> [DATASET ENTRIES]:
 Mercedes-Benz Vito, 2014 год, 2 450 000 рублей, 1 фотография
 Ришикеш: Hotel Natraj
---
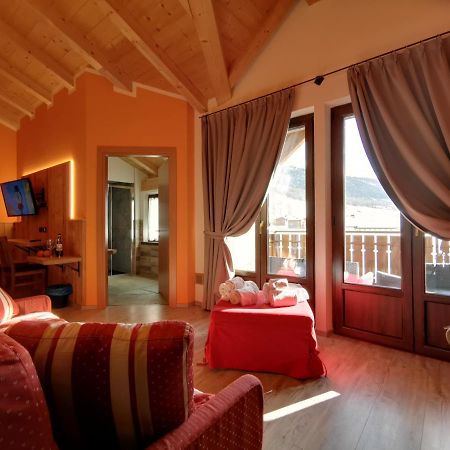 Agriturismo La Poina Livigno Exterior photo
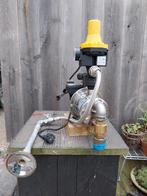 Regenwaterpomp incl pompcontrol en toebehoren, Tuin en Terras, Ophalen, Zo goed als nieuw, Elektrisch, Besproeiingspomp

> [THE PROBLEM]:
Give back, word for word, only the lines above from the line holding "Mercedes-Benz Vito, 2014" to the line holding "Ришикеш: Hotel Natraj", both included.

> [OUTPUT OF THE EXERCISE]:
 Mercedes-Benz Vito, 2014 год, 2 450 000 рублей, 1 фотография
 Ришикеш: Hotel Natraj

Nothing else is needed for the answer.